START DATASET CONTENT
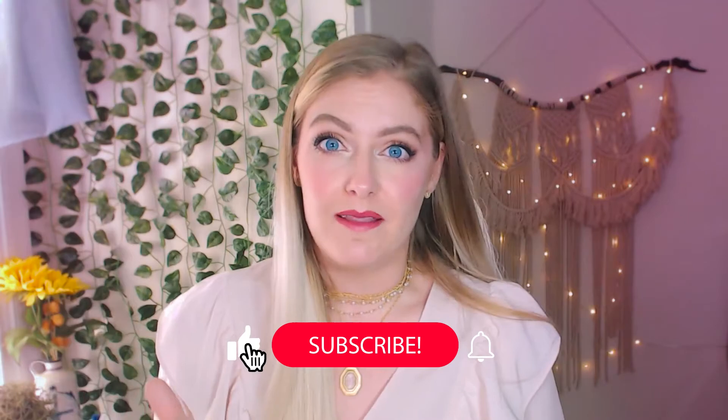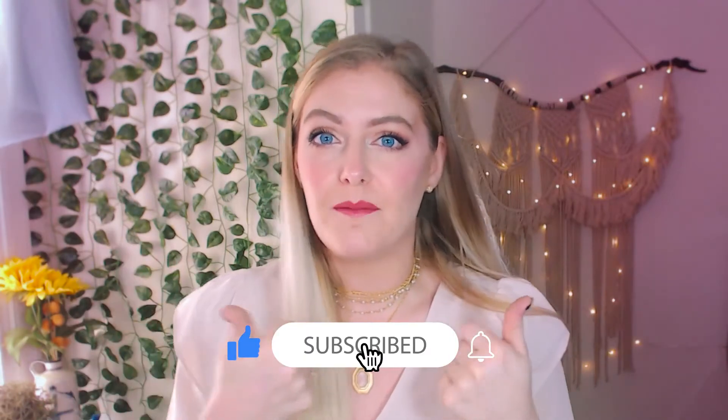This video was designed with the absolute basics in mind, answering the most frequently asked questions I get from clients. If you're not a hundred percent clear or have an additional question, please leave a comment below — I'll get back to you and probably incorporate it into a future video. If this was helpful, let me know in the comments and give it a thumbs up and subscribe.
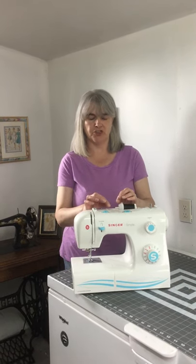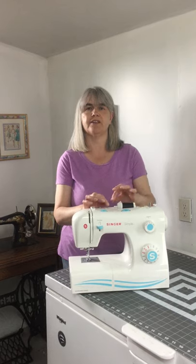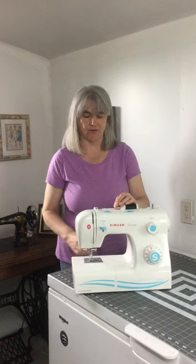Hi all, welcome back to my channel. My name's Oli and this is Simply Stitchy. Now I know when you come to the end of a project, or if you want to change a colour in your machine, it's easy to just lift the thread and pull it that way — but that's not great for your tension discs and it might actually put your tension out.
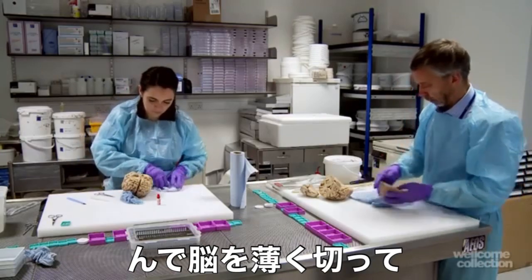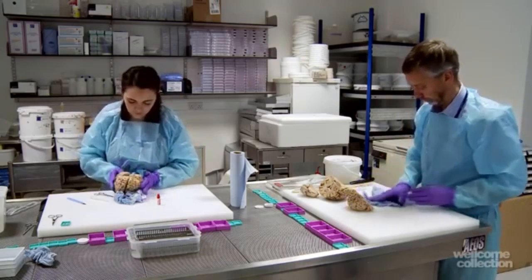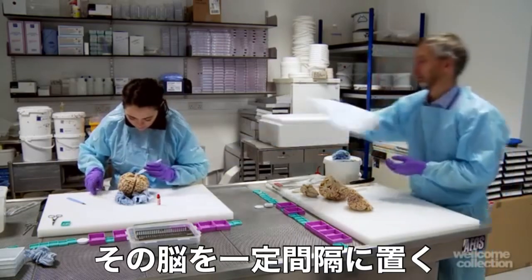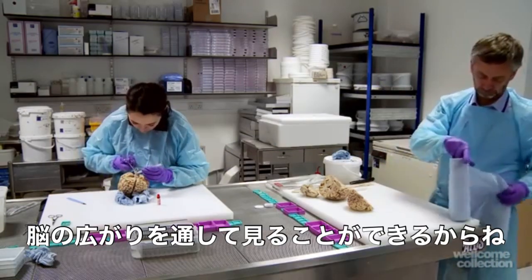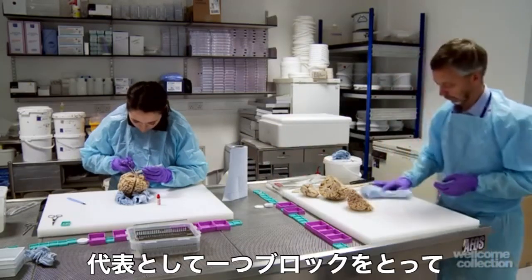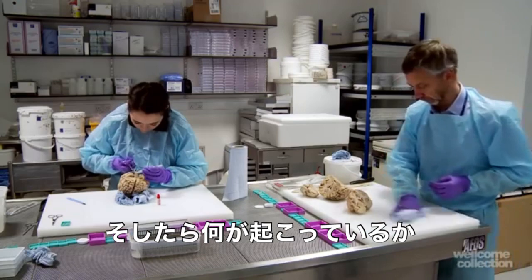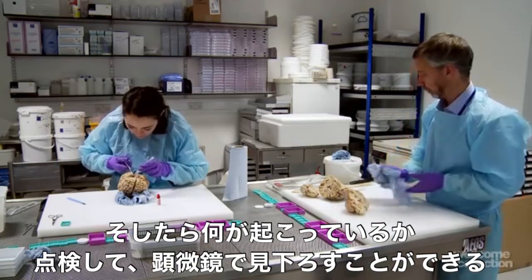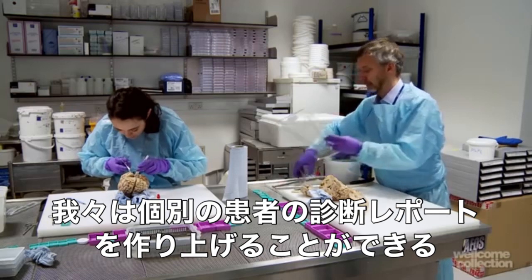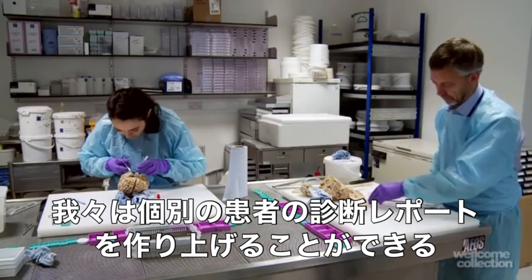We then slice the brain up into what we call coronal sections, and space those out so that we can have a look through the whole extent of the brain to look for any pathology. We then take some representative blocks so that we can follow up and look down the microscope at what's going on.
END DATASET CONTENT
## WHAT THE TASK REQUIRES
When you copy the listing above, reproduce every line exactly and skip the images.

## RESPONSE TO THIS EXERCISE
This video was designed with the absolute basics in mind, answering the most frequently asked questions I get from clients. If you're not a hundred percent clear or have an additional question, please leave a comment below — I'll get back to you and probably incorporate it into a future video. If this was helpful, let me know in the comments and give it a thumbs up and subscribe.
Hi all, welcome back to my channel. My name's Oli and this is Simply Stitchy. Now I know when you come to the end of a project, or if you want to change a colour in your machine, it's easy to just lift the thread and pull it that way — but that's not great for your tension discs and it might actually put your tension out.
We then slice the brain up into what we call coronal sections, and space those out so that we can have a look through the whole extent of the brain to look for any pathology. We then take some representative blocks so that we can follow up and look down the microscope at what's going on.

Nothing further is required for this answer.